Data:
▬▬▬▬▬▬▬▬▬▬
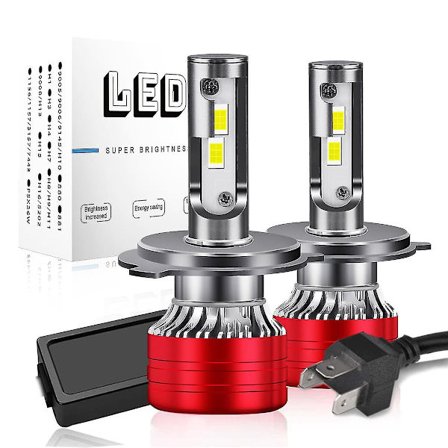 2004-2019 Toyota Yaris LED-frontlykter 9003/h4 Høy- og lavstråle pærer (2 stk)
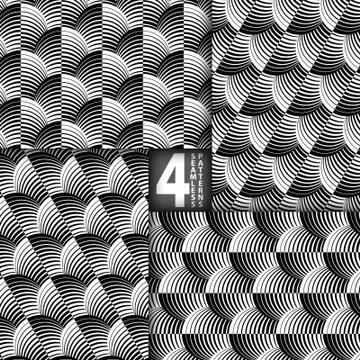 Striped Shells Black White Vector Seamless Pattern, Set of 4 Illustrazione stock
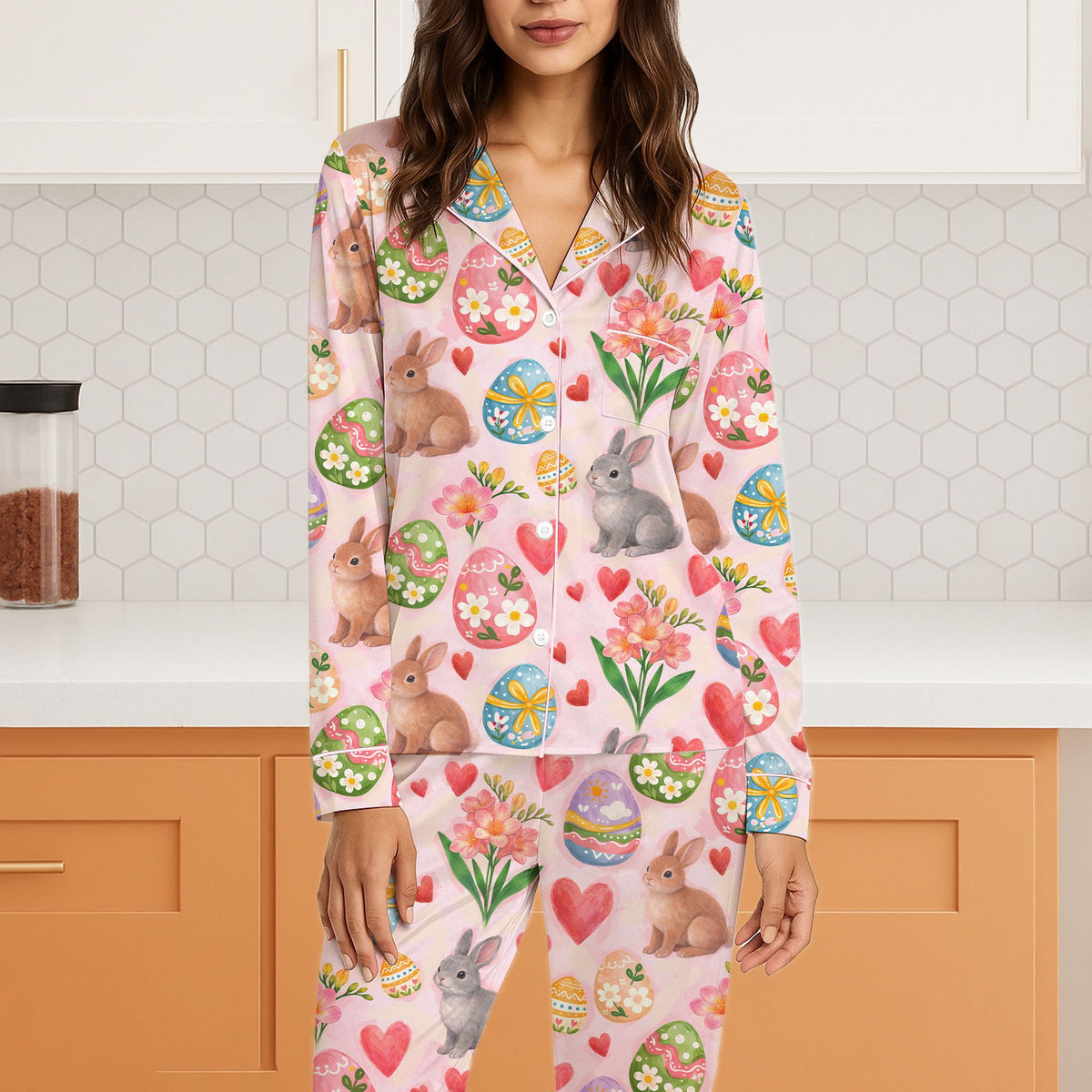 Another front view showcasing the watercolor bunny pattern on the pink pajamas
▬▬▬▬▬▬▬▬▬▬
Required action: Reproduce word for word only the lines between the line containing "Striped Shells Black" and the end of the listing above, both included, and drop any pictures.

Answer section:
 Striped Shells Black White Vector Seamless Pattern, Set of 4 Illustrazione stock
 Another front view showcasing the watercolor bunny pattern on the pink pajamas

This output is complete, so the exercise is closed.